THE PROBLEM:
Pull every line holding the word "white" from the data below and copy it.

►

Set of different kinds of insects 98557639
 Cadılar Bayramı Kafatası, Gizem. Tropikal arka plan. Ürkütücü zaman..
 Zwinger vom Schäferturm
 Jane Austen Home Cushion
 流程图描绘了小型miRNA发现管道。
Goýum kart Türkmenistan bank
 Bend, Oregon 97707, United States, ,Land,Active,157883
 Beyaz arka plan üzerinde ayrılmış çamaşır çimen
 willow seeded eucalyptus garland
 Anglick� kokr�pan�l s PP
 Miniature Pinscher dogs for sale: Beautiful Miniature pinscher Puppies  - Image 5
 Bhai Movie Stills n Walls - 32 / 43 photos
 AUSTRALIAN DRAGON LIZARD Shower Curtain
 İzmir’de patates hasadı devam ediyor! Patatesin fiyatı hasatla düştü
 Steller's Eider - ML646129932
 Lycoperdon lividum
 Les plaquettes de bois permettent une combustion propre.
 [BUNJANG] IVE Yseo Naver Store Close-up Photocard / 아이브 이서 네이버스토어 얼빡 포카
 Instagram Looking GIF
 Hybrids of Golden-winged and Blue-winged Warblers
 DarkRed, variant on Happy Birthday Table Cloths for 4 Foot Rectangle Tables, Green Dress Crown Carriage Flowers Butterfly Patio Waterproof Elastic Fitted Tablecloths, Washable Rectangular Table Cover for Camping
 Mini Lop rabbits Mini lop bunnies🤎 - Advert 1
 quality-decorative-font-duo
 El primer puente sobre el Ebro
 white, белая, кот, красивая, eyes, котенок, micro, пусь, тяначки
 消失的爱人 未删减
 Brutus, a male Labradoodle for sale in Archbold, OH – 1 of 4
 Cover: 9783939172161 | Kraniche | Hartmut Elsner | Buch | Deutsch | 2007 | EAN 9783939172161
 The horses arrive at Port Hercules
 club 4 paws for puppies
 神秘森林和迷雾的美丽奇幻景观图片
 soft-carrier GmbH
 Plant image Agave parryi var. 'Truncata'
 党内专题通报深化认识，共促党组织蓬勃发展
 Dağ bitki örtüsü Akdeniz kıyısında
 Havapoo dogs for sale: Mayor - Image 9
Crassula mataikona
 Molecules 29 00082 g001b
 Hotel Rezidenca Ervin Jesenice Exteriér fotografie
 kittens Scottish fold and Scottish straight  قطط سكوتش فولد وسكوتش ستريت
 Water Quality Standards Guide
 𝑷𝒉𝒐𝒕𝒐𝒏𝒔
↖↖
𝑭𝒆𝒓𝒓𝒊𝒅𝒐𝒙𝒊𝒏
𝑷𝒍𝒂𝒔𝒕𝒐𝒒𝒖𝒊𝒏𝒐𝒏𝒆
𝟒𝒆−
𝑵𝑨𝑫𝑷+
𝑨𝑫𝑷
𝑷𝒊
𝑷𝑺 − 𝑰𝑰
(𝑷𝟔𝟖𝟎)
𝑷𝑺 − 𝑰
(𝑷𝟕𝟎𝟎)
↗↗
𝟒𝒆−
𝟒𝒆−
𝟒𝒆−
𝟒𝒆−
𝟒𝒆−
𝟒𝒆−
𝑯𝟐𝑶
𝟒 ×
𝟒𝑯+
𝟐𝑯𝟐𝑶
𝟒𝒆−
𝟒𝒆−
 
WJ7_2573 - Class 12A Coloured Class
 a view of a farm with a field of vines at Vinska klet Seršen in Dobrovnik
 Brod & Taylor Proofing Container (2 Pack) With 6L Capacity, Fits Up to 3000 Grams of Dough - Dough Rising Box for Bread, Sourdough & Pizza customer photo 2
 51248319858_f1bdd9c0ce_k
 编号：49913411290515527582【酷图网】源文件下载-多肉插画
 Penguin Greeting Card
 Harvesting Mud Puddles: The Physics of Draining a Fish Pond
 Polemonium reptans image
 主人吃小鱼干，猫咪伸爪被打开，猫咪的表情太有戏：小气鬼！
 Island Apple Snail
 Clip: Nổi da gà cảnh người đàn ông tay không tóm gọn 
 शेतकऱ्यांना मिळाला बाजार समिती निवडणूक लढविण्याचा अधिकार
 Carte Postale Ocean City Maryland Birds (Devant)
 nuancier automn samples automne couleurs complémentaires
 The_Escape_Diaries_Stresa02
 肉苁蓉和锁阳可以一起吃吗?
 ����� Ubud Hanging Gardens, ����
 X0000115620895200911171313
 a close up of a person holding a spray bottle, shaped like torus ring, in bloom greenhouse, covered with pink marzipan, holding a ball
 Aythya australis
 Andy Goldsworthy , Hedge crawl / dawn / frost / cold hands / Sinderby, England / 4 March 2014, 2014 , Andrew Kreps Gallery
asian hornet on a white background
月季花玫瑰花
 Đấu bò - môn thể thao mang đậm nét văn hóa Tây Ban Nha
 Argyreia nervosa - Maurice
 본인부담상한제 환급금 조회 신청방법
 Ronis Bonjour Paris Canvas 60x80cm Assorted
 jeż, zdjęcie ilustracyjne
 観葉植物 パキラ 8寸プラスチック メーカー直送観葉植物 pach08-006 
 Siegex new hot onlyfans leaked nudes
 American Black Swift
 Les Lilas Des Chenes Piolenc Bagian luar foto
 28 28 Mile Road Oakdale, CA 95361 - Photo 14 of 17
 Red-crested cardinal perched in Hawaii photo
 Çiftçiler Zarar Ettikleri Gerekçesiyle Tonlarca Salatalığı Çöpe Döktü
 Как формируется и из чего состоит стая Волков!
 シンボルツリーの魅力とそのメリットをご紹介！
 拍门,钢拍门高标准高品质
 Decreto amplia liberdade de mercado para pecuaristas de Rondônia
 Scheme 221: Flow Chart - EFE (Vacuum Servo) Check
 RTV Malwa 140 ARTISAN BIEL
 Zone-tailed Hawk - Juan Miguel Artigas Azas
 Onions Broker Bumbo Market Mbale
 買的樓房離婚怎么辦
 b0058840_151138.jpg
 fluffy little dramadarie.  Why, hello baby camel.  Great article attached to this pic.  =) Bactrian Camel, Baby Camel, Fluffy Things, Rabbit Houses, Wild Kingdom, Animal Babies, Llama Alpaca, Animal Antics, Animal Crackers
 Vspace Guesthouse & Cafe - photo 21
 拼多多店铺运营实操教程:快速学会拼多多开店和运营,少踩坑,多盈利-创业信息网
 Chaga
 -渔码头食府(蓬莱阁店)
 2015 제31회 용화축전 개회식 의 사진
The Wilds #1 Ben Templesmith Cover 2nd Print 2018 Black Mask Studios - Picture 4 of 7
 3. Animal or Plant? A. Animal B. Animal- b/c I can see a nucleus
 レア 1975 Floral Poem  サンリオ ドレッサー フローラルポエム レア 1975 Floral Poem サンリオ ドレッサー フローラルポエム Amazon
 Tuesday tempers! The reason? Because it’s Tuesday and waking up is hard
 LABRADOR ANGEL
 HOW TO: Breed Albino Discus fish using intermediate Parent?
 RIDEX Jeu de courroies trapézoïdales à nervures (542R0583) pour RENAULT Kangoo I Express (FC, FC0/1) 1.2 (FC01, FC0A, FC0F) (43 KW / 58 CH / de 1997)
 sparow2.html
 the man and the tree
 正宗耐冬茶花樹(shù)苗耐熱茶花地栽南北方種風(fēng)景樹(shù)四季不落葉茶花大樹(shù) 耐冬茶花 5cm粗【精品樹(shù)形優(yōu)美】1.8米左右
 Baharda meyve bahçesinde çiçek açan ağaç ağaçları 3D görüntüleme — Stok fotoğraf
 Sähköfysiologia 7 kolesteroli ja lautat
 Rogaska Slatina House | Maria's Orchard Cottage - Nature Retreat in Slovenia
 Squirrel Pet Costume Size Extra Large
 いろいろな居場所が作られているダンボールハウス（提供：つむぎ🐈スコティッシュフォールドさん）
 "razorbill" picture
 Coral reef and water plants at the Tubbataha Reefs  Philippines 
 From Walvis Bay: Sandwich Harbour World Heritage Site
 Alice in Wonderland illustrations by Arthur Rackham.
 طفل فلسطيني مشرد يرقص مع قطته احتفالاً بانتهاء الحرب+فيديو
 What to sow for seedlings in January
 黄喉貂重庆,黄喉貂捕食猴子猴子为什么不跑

◄

RESPONSE AREA:
 white, белая, кот, красивая, eyes, котенок, micro, пусь, тяначки
asian hornet on a white background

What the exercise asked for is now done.